**Work to be completed**. Using the data below, reproduce exactly the lines from the line with "Delta Plus Maratona" to the line with "DISCORD NITRO 2X УСКОРЕНИЕ 3 МЕСЯЦ БЫСТРО", both included; pictures must be dropped.

**Input material**.
****

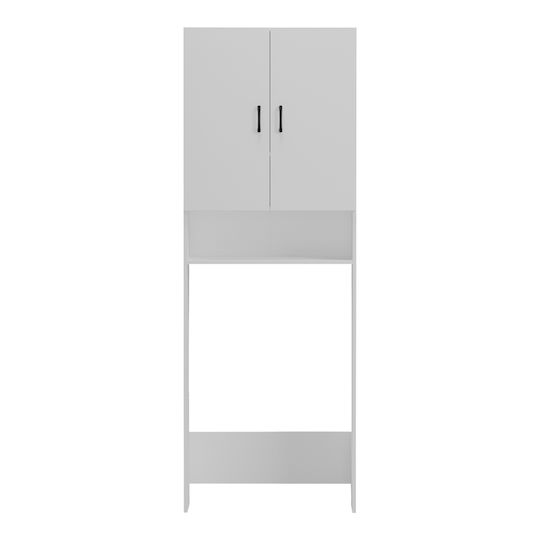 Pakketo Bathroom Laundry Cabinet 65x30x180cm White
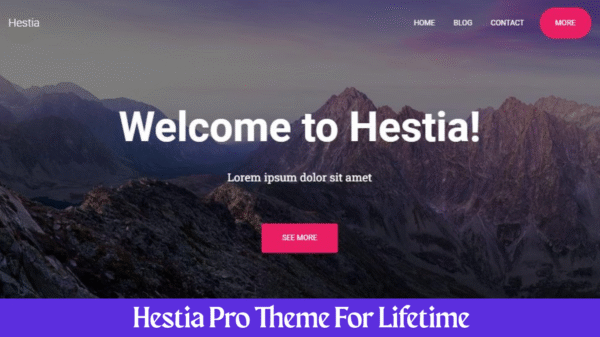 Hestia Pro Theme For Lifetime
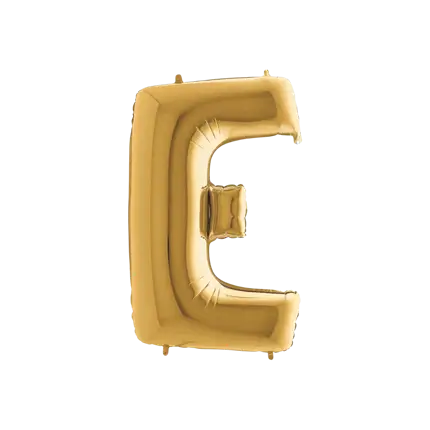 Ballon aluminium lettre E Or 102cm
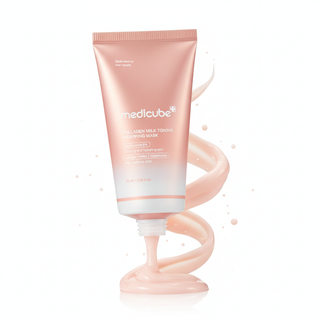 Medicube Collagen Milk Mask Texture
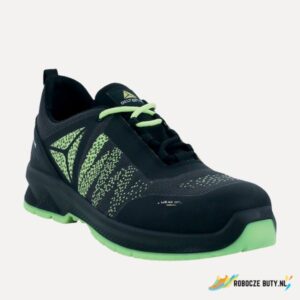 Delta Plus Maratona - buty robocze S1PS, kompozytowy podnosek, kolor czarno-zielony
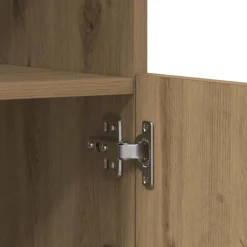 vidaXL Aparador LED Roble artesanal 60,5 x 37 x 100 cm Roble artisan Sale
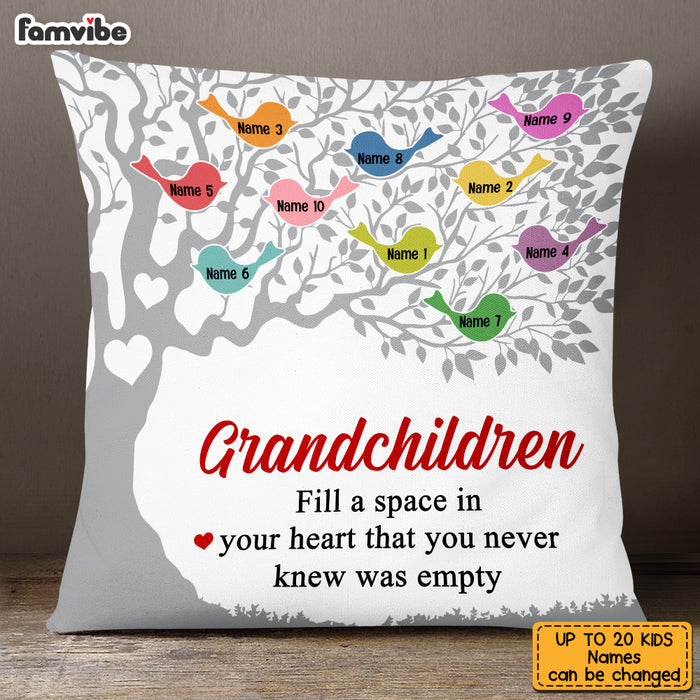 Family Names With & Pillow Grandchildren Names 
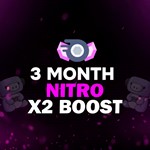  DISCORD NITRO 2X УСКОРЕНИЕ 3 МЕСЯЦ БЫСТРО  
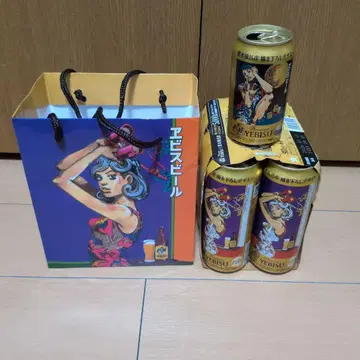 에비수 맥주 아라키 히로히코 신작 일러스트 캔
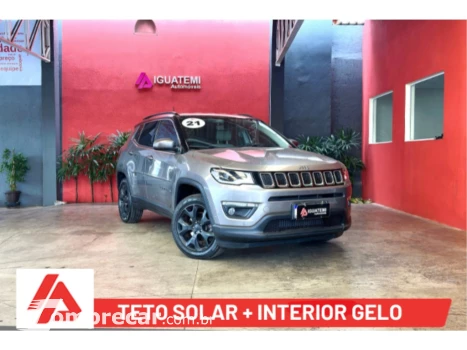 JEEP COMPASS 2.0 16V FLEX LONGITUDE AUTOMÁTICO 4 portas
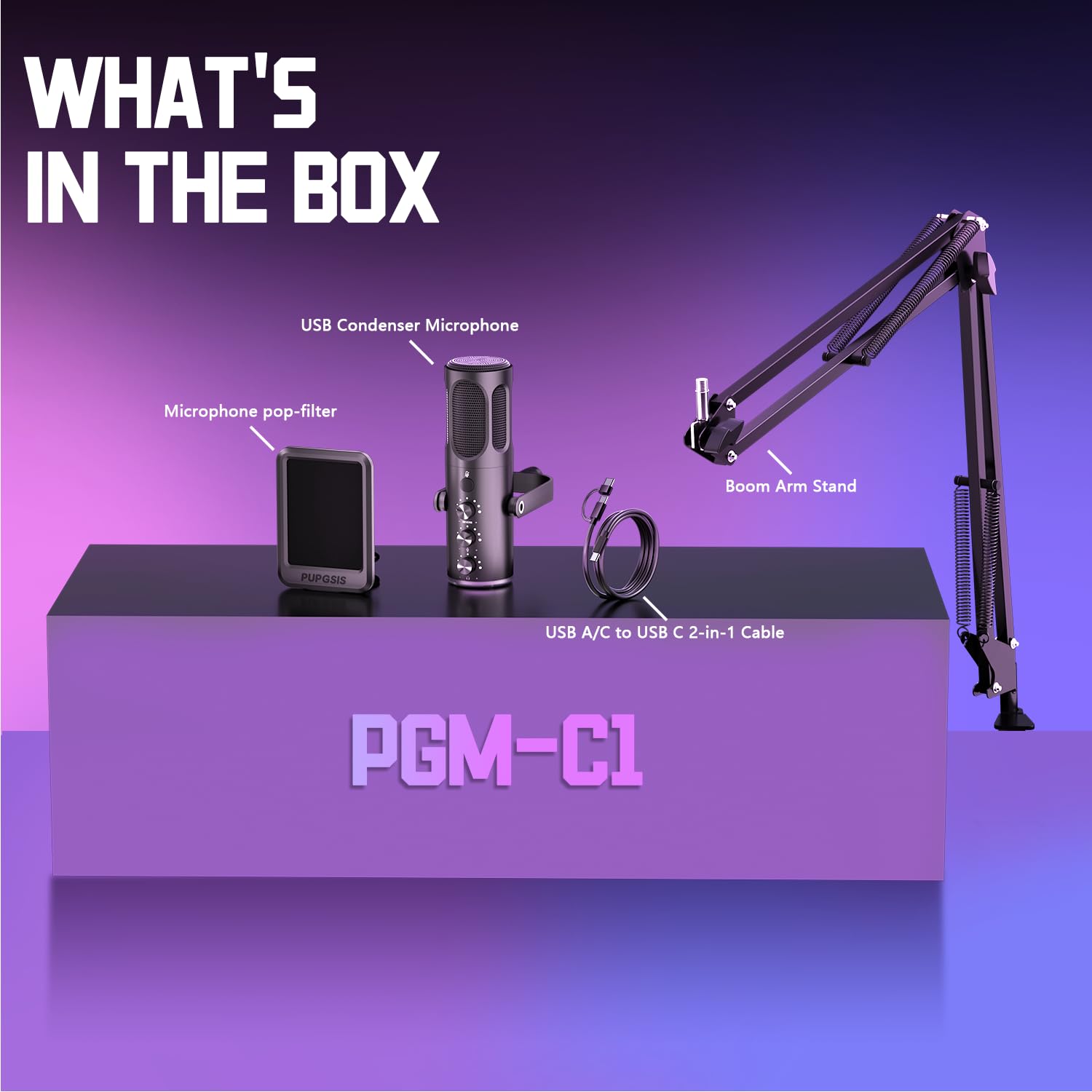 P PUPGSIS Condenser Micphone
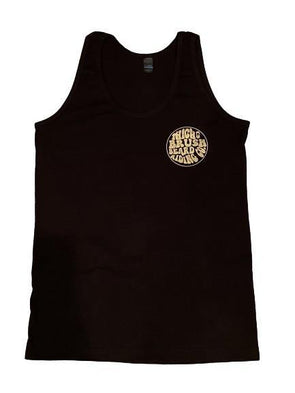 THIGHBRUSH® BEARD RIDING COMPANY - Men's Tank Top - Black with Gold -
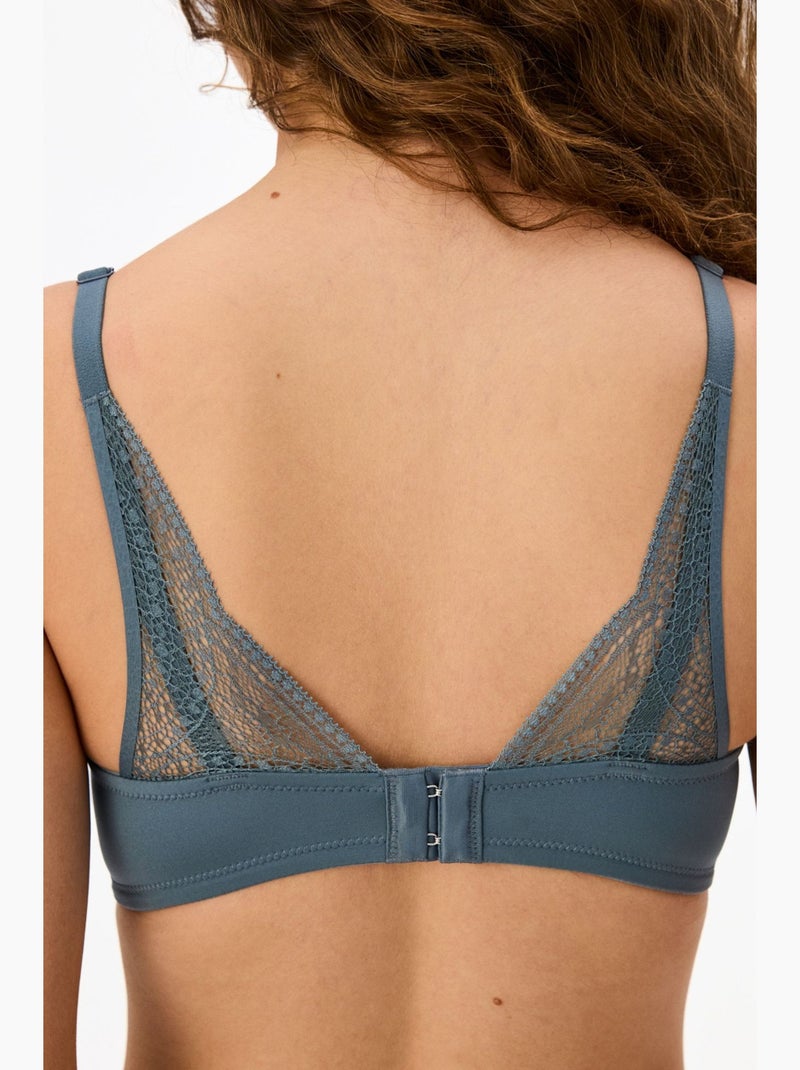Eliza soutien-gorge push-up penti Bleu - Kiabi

****

**Answer space**.
 Delta Plus Maratona - buty robocze S1PS, kompozytowy podnosek, kolor czarno-zielony
 vidaXL Aparador LED Roble artesanal 60,5 x 37 x 100 cm Roble artisan Sale
 Family Names With & Pillow Grandchildren Names 
  DISCORD NITRO 2X УСКОРЕНИЕ 3 МЕСЯЦ БЫСТРО  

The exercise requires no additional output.